Vanderpump Rules' Katie Maloney-Schwartz talks about how her weight has changed through the show, and how she deals with body shamers
As viewers watched Katie Maloney-Schwartz transition from her mid-twenties to age 30 on Vanderpump Rules, they’ve seen her body change through the years — which means the SUR server has dealt with plenty of body shaming on social media.
“I get ‘wow you’ve really blown up,’ or ‘Miss Piggy.’ I get the cow emoji a lot, or ‘are you pregnant?’ ‘What happened to you?’ It’s insane, things you never could imagine saying to anyone. I’ve got it all,” Maloney-Schwartz tells PEOPLE. “Really powerful, uplifting things,” she jokes.
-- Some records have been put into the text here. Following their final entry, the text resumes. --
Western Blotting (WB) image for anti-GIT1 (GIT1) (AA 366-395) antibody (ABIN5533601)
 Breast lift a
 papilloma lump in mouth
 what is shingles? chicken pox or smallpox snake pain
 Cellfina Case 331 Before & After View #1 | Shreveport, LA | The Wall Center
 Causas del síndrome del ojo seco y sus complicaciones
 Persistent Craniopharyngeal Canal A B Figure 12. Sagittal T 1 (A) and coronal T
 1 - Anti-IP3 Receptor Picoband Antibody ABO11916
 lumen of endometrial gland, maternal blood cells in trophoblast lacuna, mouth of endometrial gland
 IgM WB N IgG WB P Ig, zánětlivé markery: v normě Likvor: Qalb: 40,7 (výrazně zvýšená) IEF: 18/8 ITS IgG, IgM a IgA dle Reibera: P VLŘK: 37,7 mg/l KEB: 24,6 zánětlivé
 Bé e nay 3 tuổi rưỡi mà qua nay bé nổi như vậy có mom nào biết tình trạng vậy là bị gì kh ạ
And as regular Vanderpump Rules viewers know, she also gets it from people on the show, like when event planner Kevin Lee told Maloney-Schwartz out of the blue this season that her weight was “out of control,” and that she “has to work on it.”
“It was shocking and appalling,” she says of the incident. “I never thought that someone would have the guts to say something like that to my face, especially someone that I don’t have a relationship with. We don’t know each other that well. With Kevin it was just so inappropriate.”
But after years of getting those body shaming comments, Lee’s words didn’t bother her as much as they would have a few years ago.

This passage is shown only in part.